In 2011, Mr. Shkreli started Retrophin, which also acquired old neglected drugs and sharply raised their prices. Retrophin’s board fired Mr. Shkreli a year ago. Last month, it filed a complaint in Federal District Court in Manhattan, accusing him of using Retrophin as a personal piggy bank to pay back angry investors in his hedge fund.
nytimes.com/2015/09/21/business/a-huge-overnight-increase-in-a-drugs-price-raises-protests.html?_r=1
 
And people say monsters aren’t real. :ehh:
I can understand that .
When one has a dear.relative who needs a medicine that is either not found or extremely expensive ,no matter the " isms" one gets really desperate.
And yes , Emperor , a few looked like real " monsters " ; to me. But let me tell you ,there are angels as well ; one we.really needed and was not to be found ,somebody donated it to us.
God is way above " isms" when one needs a hand.🙂
 
Both are, for different reasons. The government does a terrible job of helping the poor. The bureaucracy has a vested interest in maintaining it, as do politicians who promise government largess in order to remain in power. And the federal government has no enumerated power to do it.
The Church, OTOH, has the command of God. Church Church helps out of love, the government out of greed and power.

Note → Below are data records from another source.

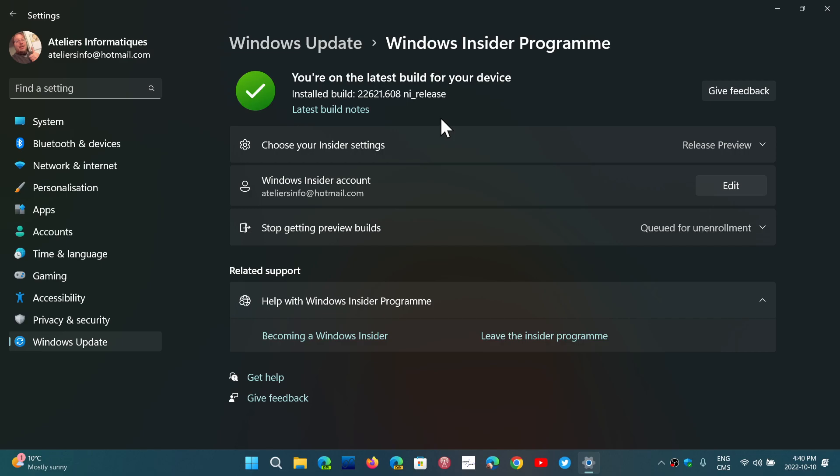Don't worry. You're not alone if you are wondering why you're still in the Insider Preview for the release preview. It's the case for everybody that used this trick to go to 22H2 before everybody else. So not to worry. You will probably be unenrolled by the end of October, I would guess, when the new features roll out.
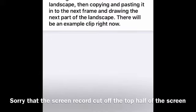If you don't completely understand what this video is from the title, I am drawing a small section of the landscape, then copying and pasting it into the next frame and drawing the next part of the landscape. There will be an example clip right now.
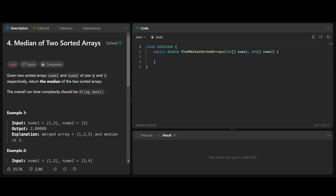Let's look at this problem called Median of Two Sorted Arrays. We are given two sorted arrays and we have to find the median of the two sorted arrays. The overall runtime complexity should be O of log(m+n), and that's the bit which makes this problem a little bit hard.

Only if one of you got paid to clean, and benefited by making the room dirtier, while the other cleaned out of love.

What it comes down to is simple: A society that is free but not generous will soon lose its freedom. A society that is required to be generous is not free in the first place.

Jon
I was asking which one is more important. IMO, it’s a practical - not a philosophical question. Who does what better is a matter of opinion, in my experience. There isn’t a single flaw of government assistance programs that I haven’t seen repeated in charities.

Government wastes - charities waste. Government is plagued by corruption - we also have multiple cases of charities paying millions to their “CEO’s” and giving away expiring junk to the people they’re supposed to be helping. Human beings are human beings and “better” is a matter of what glasses one chooses to wear.

The more important thing is that we at least TRY. Again, God commanded help to the poor, before Christianity was born - so I suspect He is not just speaking to the Church but to all humanity.

Perhaps you might enlighten us on where the Church teaches that helping the poor is a role exclusive to it? Because unlike you, I hardly ever hear that “only government” can help the poor - but rather “helping the poor is the Church’s job, not government’s”. So please enlighten us: where does the Church appropriate that role exclusively?